The plan begins to go awry when a dangerous snake bites a female hunter in an outhouse that is fully insulated. A fox is caught in a leg-hold trap on the path Embla normally walks. Is their mysterious new participant, Peter, somehow involved?

When one of the hunters is found dead at the bottom of a cliff and the owner of the Hunting Castle goes missing, Embla finds herself in the middle of a long-standing plan of revenge that threatens to destroy them all.

Hunting Game is Helene Tursten’s first crime novel featuring Detective Inspector Embla Nystrom. It was originally published in Swedish in 2014 as Jakmark. She has also written a series of 10 novels featuring Detective Inspector Irene Huss, many of which have been turned into films.

Hunting Game begins slowly and never really picks up the pace. Tursten spends a great deal of time establishing the atmosphere of the hunting camp and surrounding terrain, including what the parties eat for meals and where they relieve themselves when necessary (the aforementioned outhouse, or off the edge of the cliff). The snake and fox incidents, along with a clichéd mysterious room in Peter’s house, are intended to build suspense and support the notion that someone named M is stalking members of the hunting parties and that Peter may be involved.

Meanwhile, the carnage is underway. Readers who are at all sensitive about animals are advised to give this book a pass. Anything that moves is caught up in the slaughter, including moose cows and calves, a rather stunning bull moose that Embla proudly shoots, various deer (a break from the main action), the snake, the fox, whose pitiful suffering is described in unfortunate detail before it’s dispatched, and, in case that isn’t enough, a pet dog Embla recalls having shot while on the job after it ate its dead master’s face.

Tursten’s universe is decidedly red in tooth and claw.

Halfway through the story, when the abovementioned body finally turns up to provide a concrete focus for the mystery, local law enforcement has an oddly ambivalent reaction. When Embla calls it in, the on-duty superintendent in Trollhättan doesn’t think investigators are needed. An accidental fall, no doubt? His arm has to be twisted before he’ll send someone for a look. Surely to goodness unexplained death investigation in Sweden isn’t actually handled this loosely, is it?

Embla is unfortunately not the memorable, engaging protagonist Tursten wishes her to be. She’s flat and derivative, and if she’s a top-notch criminal investigator, we certainly don’t get a strong sense of that here.

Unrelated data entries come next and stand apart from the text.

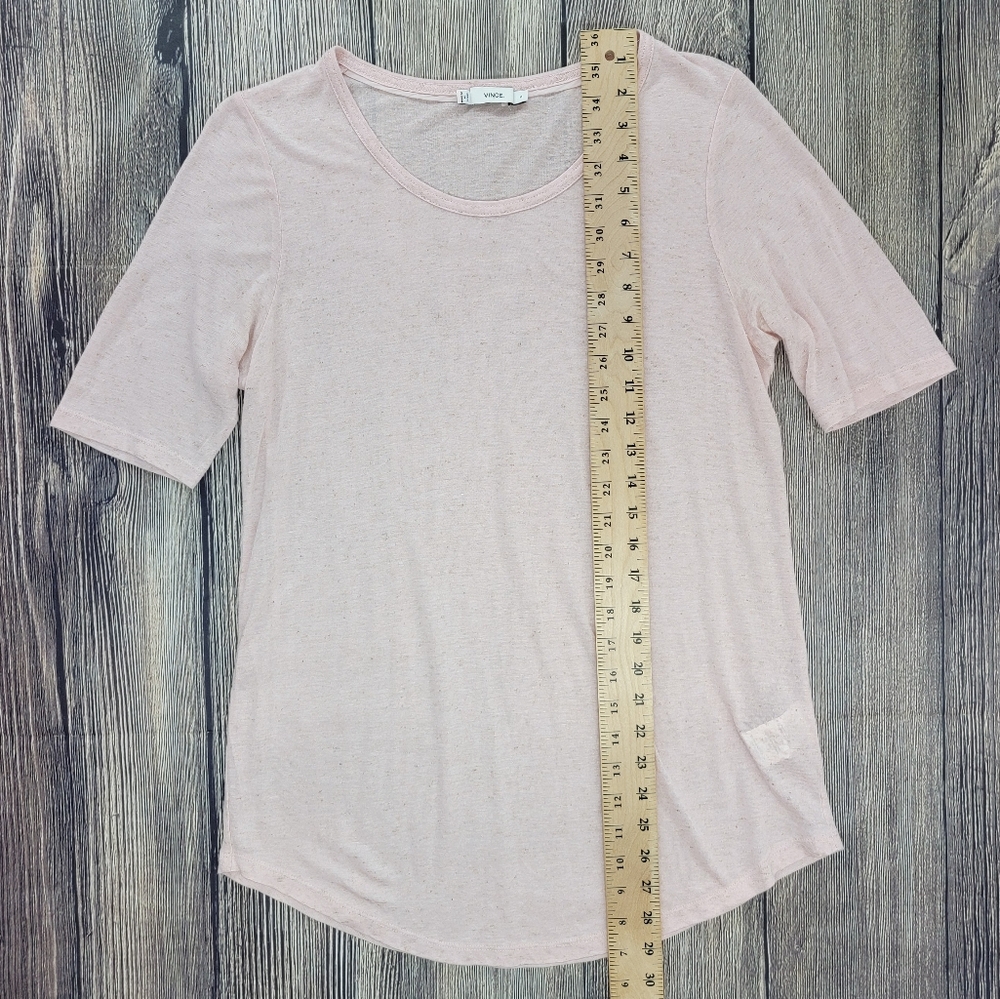 Vince Elbow Sleeve Flax Silk Blend Short Sleeve Tee Lilac - Picture 11 of 11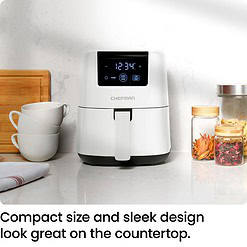 CHEFMAN 2 Qt Mini Air Fryer – Digital Space-Saving Compact Air Fryer with Nonstick and Dishwasher Safe Basket, White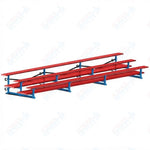 Jaypro Sports Bleacher  - 3 Row - Tip & Roll, Double Foot Plank, Powder Coated - 21' L (BLDP-321TRGPC)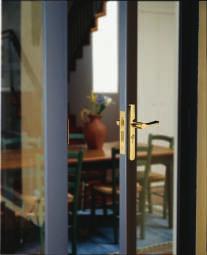 Blaxland A durable easy to fit sliding glass door deadlock. Protector Attractive patio door mortice lock. Fits 32mm to 40mm thick doors and suits a wide range of lever handles.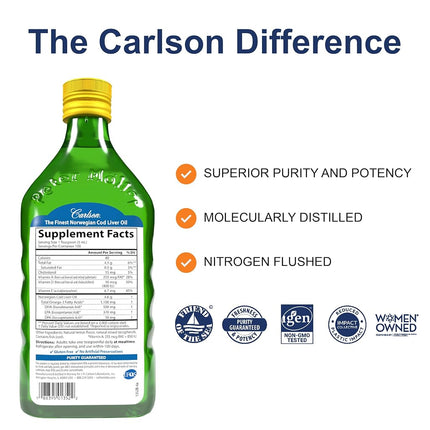 Carlson Labs Norwegian Natural Vitamin E Cod Liver Oil, Lemon, 500ml, Glass Bottle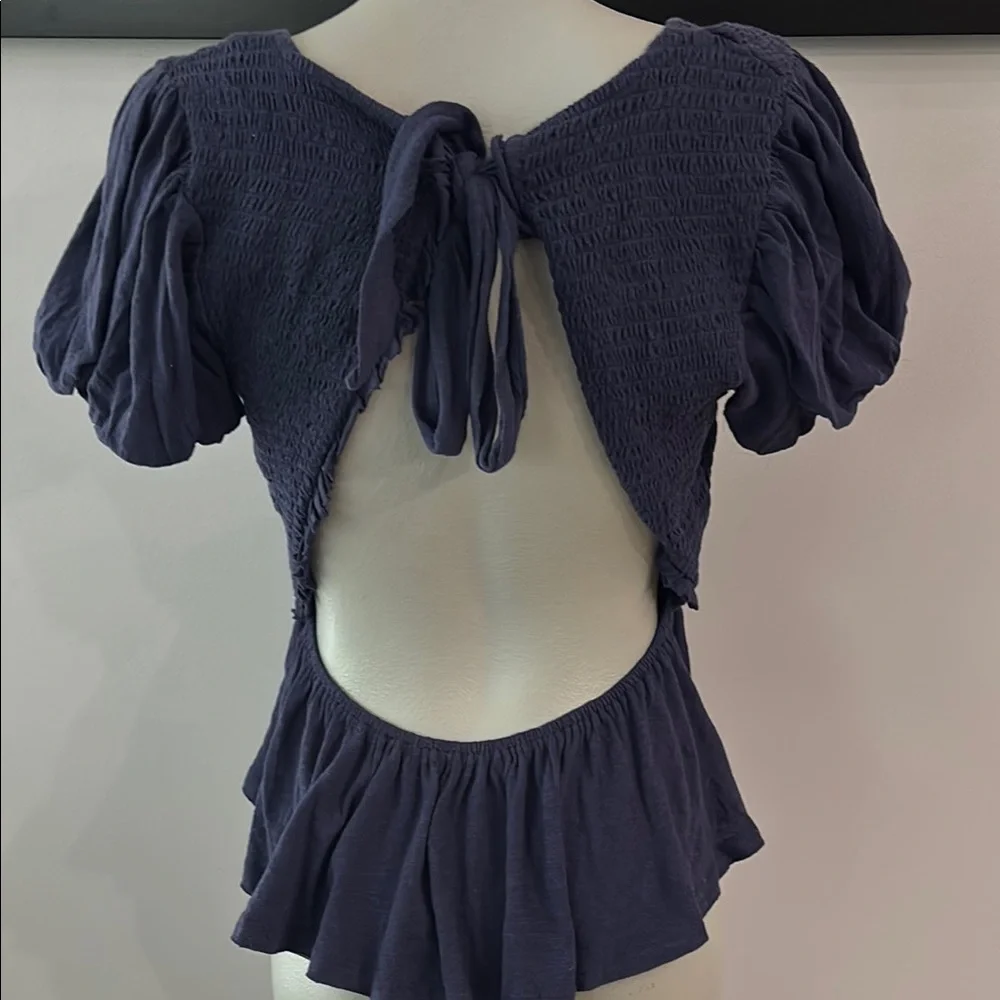 FREE PEOPLE Charolette Top – Navy Blue Smocked Puff Sleeve Blouse | Size L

Her unfortunate decision to fall into an intimate relationship with Peter, the primary suspect, is a head-shaker. Tursten’s obviously angling toward readers who enjoy a combination of romance and mystery, but the whole thing comes off as disappointing and distasteful, and what we end up getting is an Embla who’s a fluttery, easily wooed pushover with a bit of a temper. Not the sort of protagonist who will inspire us to get out there right away to look for the next installment in the series.

Indeed, Tursten tries to mix so many different flavors into her novel that it simply presents itself as undercooked and unappealing. Hunting Game is variously a dark, brooding Swedish noir crime novel, a titillating romance, and an outdoorsman-type hunting adventure. It takes a shot at each target, but unfortunately misses them all.